Re: Slow queries in PL/PGSQL function

From: Tom Lane <tgl(at)sss(dot)pgh(dot)pa(dot)us>
To: Richard Huxton <dev(at)archonet(dot)com>
Cc: Jim Crate <jcrate(at)deepskytech(dot)com>, pgsql-general(at)postgresql(dot)org
Subject: Re: Slow queries in PL/PGSQL function
Date: 2004-02-20 14:20:24
Message-ID: 27414.1077286824@sss.pgh.pa.us
Views: Raw Message | Whole Thread | Download mbox | Resend email
Thread:
Lists: pgsql-general

Richard Huxton <dev(at)archonet(dot)com> writes:
> On Thursday 19 February 2004 23:00, Jim Crate wrote:
>> explain analyze SELECT DISTINCT i_ip
>> FROM x_rbl_ips
>> LEFT JOIN filter_ips ON x_rbl_ips.i_ip = filter_ips.i_filter_ip
>> WHERE x_rbl_ips.dts_last_modified > '2004-02-18 22:24:15.901689+00'
>> AND filter_ips.i_filter_ip IS NOT NULL
>> AND (i_filter_type_flags & X'02000000'::integer) <> X'02000000'::integer

> I'm guessing that the values in your query are variables/parameters in the
> plpgsql function? The problem is that the plan is compiled when the function
> is first run, so it doesn't know what values you will use. You might tend to
> use values that make sense to index, but it can't tell.

Specifically, the only part of that that looks indexable is the
dts_last_modified constraint. If it's always "dts_last_modified >
some-time-in-the-recent-past" then the range of values scanned is going
to be small enough to make an indexscan worthwhile.
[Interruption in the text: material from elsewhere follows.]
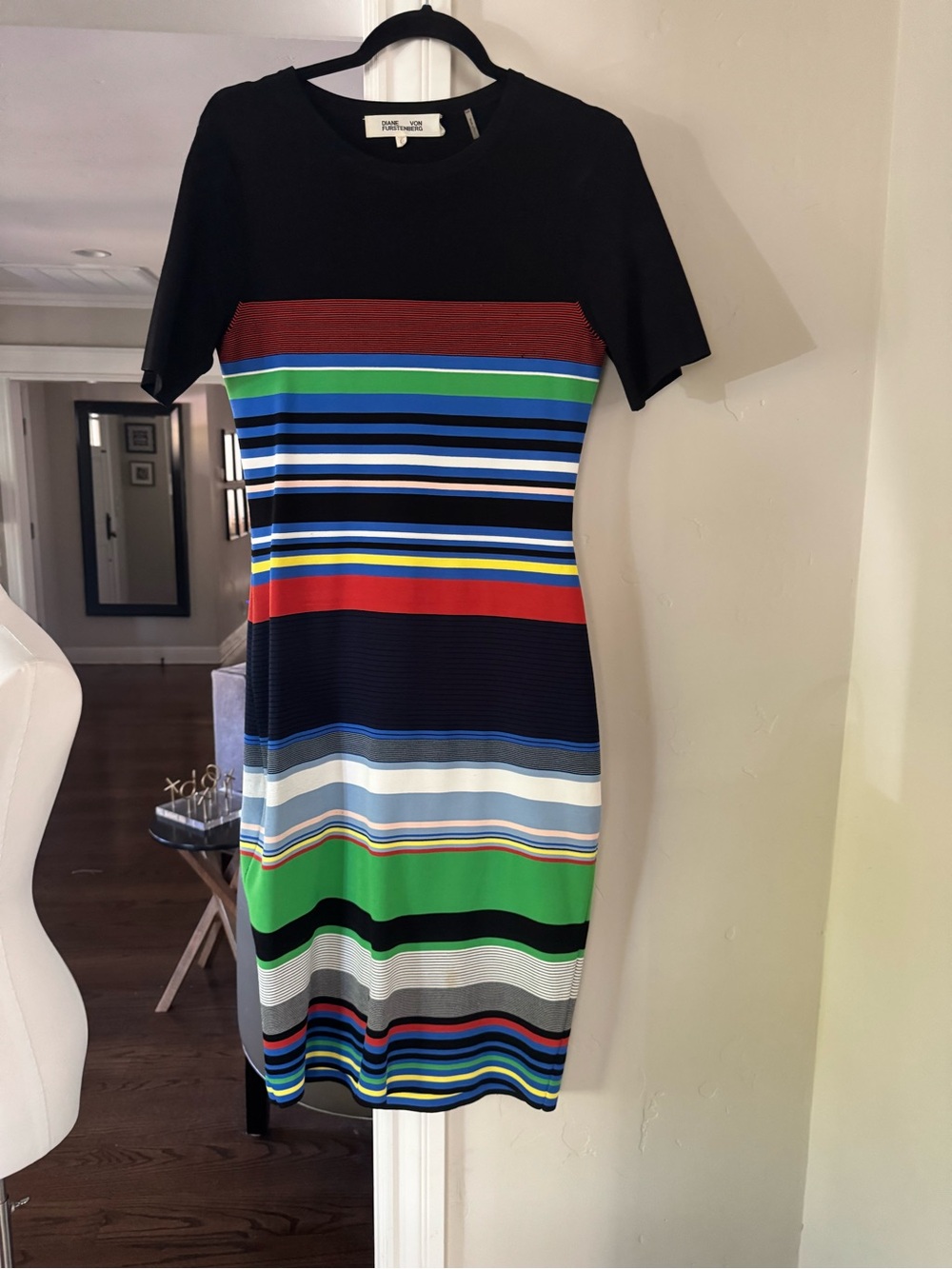 Diane Von Furstenberg Black Top Multicolor Striped Knit Dress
But if what the
planner sees is "dts_last_modified > variable" then it isn't gonna risk
an indexscan, because in the general case that could mean scanning a
large part of the table, and the indexscan would be tremendously slow.

What you can do to work around this (I'm assuming dts_last_modified
never contains values in the future) is add a dummy constraint:

WHERE x_rbl_ips.dts_last_modified > variable
AND x_rbl_ips.dts_last_modified <= now()
AND other-stuff

Now what the planner sees is dts_last_modified being constrained to a
range, rather than an open-ended interval. It still has to guess about
how much of the index will be scanned, but its guess in this scenario
is much smaller and it should usually pick the indexscan instead.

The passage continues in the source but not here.